─── Dataset records

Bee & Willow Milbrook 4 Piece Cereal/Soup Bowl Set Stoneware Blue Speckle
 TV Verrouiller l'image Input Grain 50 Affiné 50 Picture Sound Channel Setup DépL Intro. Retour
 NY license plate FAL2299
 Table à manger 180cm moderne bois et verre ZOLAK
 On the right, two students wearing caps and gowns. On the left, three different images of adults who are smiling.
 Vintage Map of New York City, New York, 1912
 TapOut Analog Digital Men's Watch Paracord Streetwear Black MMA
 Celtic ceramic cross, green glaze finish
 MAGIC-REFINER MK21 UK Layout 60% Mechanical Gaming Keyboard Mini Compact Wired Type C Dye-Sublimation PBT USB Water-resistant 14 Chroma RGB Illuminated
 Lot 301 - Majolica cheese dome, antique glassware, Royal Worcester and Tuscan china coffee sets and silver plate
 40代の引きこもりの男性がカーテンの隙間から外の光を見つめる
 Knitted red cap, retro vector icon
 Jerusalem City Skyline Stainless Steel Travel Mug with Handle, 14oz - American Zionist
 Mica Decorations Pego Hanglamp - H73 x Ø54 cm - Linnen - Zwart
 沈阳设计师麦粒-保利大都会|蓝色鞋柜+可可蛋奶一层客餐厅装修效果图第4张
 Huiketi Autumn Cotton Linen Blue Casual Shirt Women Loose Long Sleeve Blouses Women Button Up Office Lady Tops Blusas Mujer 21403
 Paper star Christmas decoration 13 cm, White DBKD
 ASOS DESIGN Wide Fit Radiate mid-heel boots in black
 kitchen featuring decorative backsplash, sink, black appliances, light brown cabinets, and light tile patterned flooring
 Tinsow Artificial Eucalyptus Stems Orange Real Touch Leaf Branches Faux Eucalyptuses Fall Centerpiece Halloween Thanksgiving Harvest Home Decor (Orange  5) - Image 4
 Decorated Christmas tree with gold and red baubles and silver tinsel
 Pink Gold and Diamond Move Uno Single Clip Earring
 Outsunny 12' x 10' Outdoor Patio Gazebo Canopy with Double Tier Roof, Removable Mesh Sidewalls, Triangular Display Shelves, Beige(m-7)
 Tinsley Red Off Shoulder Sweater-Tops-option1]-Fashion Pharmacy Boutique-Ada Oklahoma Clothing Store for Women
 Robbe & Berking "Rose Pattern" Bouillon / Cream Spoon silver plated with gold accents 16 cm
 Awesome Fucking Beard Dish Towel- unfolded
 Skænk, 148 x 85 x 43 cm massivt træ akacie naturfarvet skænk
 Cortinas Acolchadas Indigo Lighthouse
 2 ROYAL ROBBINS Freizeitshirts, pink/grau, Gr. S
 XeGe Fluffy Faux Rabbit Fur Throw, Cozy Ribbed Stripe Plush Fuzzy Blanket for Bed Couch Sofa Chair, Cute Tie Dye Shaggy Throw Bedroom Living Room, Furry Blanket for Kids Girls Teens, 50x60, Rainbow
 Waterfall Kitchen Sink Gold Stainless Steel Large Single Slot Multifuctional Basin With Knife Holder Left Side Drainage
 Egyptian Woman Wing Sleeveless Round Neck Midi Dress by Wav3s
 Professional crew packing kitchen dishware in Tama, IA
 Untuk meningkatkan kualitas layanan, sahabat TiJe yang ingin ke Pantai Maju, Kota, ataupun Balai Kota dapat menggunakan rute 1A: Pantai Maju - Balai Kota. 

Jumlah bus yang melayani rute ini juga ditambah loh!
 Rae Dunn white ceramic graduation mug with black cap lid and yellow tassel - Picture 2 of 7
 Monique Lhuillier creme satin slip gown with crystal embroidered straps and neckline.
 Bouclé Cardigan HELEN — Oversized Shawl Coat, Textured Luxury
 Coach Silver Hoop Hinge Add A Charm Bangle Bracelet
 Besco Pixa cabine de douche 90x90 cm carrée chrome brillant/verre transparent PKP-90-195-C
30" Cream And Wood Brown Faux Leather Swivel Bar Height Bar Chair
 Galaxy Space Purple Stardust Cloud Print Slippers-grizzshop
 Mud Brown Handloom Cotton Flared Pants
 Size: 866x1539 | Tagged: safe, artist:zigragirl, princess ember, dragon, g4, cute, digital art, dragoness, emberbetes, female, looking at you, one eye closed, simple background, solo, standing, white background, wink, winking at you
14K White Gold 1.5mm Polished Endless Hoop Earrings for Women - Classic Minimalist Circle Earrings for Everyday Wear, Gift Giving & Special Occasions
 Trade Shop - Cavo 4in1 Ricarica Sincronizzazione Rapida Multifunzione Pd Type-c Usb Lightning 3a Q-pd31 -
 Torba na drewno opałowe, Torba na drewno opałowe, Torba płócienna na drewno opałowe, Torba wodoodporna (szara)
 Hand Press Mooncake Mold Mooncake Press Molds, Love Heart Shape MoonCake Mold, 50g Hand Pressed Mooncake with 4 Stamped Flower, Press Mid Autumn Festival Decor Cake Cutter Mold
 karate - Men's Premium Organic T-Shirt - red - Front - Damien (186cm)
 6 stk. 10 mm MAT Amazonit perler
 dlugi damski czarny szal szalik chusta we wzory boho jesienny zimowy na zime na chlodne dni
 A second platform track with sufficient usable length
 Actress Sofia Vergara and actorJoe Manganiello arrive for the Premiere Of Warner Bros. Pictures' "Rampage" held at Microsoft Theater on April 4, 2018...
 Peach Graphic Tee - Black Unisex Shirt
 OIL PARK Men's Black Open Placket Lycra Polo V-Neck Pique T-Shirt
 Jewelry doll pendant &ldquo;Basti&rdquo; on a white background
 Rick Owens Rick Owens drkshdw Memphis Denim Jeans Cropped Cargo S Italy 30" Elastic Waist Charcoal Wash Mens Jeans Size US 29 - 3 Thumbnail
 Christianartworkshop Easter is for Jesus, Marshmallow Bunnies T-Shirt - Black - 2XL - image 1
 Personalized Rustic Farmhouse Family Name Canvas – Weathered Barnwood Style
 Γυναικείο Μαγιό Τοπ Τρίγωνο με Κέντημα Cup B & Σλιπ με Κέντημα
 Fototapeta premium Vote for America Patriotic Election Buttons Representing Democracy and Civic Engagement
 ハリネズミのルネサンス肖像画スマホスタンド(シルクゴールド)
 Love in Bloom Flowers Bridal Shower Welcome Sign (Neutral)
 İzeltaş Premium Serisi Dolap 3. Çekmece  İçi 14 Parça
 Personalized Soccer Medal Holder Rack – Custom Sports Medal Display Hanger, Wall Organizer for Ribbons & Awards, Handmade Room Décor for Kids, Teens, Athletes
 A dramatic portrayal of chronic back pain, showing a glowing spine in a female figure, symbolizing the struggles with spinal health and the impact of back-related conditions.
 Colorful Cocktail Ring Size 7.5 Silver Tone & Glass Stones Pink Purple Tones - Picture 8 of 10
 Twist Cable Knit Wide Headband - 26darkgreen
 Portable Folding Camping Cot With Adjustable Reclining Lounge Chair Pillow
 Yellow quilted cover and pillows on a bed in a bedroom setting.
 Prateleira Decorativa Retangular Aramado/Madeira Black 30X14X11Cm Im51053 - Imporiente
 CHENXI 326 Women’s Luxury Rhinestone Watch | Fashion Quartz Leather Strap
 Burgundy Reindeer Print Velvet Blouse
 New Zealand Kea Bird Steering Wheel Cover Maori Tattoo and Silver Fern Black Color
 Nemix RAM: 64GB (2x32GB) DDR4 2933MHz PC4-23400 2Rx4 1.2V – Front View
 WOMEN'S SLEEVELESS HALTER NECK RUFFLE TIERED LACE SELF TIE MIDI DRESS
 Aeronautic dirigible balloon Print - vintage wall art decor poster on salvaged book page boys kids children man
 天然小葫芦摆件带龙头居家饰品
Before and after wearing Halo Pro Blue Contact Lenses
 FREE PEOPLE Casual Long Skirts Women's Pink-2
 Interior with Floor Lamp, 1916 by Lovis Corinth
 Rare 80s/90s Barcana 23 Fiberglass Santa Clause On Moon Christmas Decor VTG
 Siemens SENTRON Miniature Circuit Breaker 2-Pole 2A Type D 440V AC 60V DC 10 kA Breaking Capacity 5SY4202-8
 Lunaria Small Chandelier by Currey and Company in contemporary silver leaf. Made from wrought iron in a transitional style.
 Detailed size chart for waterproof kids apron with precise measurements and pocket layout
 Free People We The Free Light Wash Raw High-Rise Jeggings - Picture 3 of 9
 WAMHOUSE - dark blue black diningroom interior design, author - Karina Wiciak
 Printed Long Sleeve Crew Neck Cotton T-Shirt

──────

> _Work instruction_: Look back at the entries above and repeat, unchanged, every line from the line holding "TapOut Analog Digital" through the line holding "MAGIC-REFINER MK21 UK".

> _Answer to the exercise_:
 TapOut Analog Digital Men's Watch Paracord Streetwear Black MMA
 Celtic ceramic cross, green glaze finish
 MAGIC-REFINER MK21 UK Layout 60% Mechanical Gaming Keyboard Mini Compact Wired Type C Dye-Sublimation PBT USB Water-resistant 14 Chroma RGB Illuminated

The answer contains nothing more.